3. Security Interest . In consideration of and as security for the full and complete payment of all of the Obligations, Borrower hereby grants to Agent a security interest in the Collateral. Borrower and Agent hereby acknowledge and agree that, with respect to any ITU Application included within the Collateral, to the extent such an ITU Application would, under the Trademark Act, be deemed to be transferred in violation of 15 U.S.C. § 1060(a) as a result of the security interest granted herein, or otherwise invalidated or made unenforceable as a result of the execution or performance of this Agreement, no security interest shall be deemed to have been granted in such ITU Application (notwithstanding the provisions of this Agreement or any other Loan Document) until such time as the circumstances that would give rise to such violation, invalidation or unenforceability no longer exist.

4. Representations and Warranties . Borrower hereby represents and warrants to Agent as follows:

4.1. Borrower is a corporation duly organized, validly existing and in good standing under the laws of its state of incorporation and is duly qualified to do business in each state in which a failure to so qualify would have a material adverse effect on Borrower.

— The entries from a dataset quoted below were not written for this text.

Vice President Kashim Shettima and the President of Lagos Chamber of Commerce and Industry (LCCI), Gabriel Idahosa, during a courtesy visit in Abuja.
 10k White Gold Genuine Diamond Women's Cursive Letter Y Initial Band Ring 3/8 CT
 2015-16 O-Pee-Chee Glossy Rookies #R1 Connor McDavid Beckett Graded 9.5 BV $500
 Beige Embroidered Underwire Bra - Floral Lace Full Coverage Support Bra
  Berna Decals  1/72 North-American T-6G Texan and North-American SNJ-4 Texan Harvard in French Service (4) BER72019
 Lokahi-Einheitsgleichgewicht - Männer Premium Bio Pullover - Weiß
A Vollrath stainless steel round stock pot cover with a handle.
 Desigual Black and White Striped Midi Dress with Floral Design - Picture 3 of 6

4.2. Borrower has full power, authority and legal right to pledge the Collateral, to execute and deliver this Agreement, and to perform and observe the provisions hereof. The officers acting on Borrower’s behalf have been duly authorized to execute and deliver this Agreement. This Agreement is valid and binding upon Borrower in accordance with the terms hereof.

4.3. Neither the execution and delivery of this Agreement, nor the performance and observance of the provisions hereof, by Borrower will materially conflict with, or constitute a material violation or default under, any provision of any applicable law or of any contract (including, without limitation, Borrower’s articles of incorporation and bylaws or code of regulations or of any other writing binding upon Borrower in any manner.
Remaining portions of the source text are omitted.